▶ _BRIEF_
Find every line in the records below that holds the word "with", and copy each one.

▶ _DATA PROVIDED_

▼

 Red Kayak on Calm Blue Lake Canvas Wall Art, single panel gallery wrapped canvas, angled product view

▲
▼

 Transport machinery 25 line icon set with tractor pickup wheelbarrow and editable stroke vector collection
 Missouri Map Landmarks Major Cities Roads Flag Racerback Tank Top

▲
▼

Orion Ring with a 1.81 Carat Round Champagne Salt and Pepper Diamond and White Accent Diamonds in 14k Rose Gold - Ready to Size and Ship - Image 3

▲

▶ _ANSWER_
 Transport machinery 25 line icon set with tractor pickup wheelbarrow and editable stroke vector collection
Orion Ring with a 1.81 Carat Round Champagne Salt and Pepper Diamond and White Accent Diamonds in 14k Rose Gold - Ready to Size and Ship - Image 3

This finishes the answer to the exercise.